Content starts

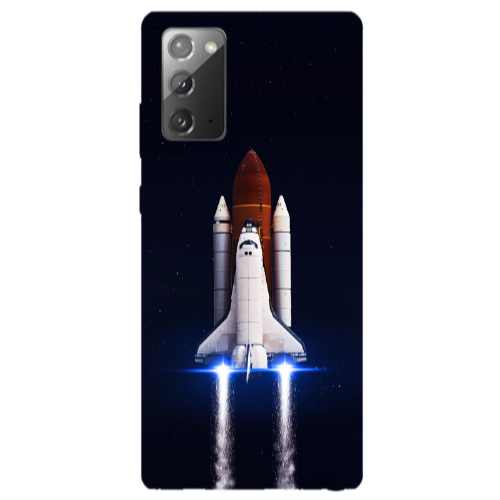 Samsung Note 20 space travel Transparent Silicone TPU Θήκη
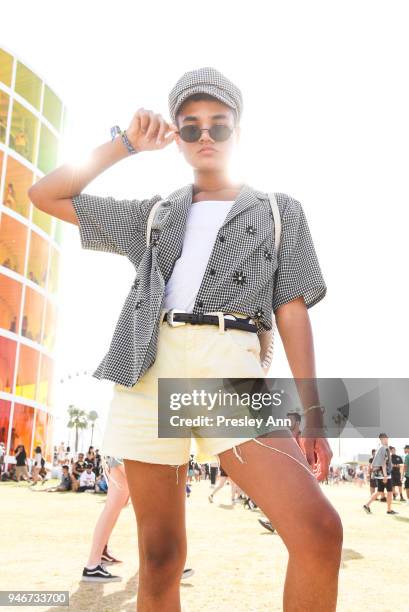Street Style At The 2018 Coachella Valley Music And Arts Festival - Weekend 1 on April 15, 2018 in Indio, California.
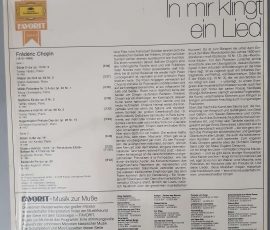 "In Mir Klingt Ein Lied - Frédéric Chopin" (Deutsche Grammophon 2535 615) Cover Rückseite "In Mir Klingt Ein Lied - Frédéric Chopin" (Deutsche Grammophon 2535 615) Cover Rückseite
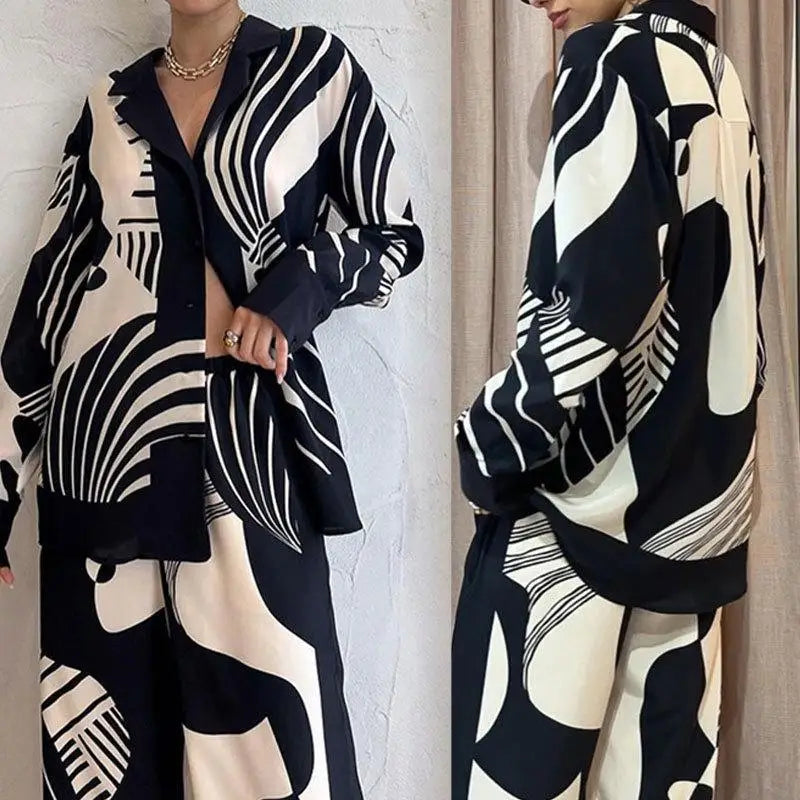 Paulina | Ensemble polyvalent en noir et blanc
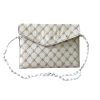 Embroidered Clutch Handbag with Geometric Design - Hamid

Content ends

▶ Problem details: Set down word for word every line from the line containing "Street Style At" through the last line of the entries, and nothing more; no pictures.

▶ Task result:
Street Style At The 2018 Coachella Valley Music And Arts Festival - Weekend 1 on April 15, 2018 in Indio, California.
 "In Mir Klingt Ein Lied - Frédéric Chopin" (Deutsche Grammophon 2535 615) Cover Rückseite "In Mir Klingt Ein Lied - Frédéric Chopin" (Deutsche Grammophon 2535 615) Cover Rückseite
 Paulina | Ensemble polyvalent en noir et blanc
 Embroidered Clutch Handbag with Geometric Design - Hamid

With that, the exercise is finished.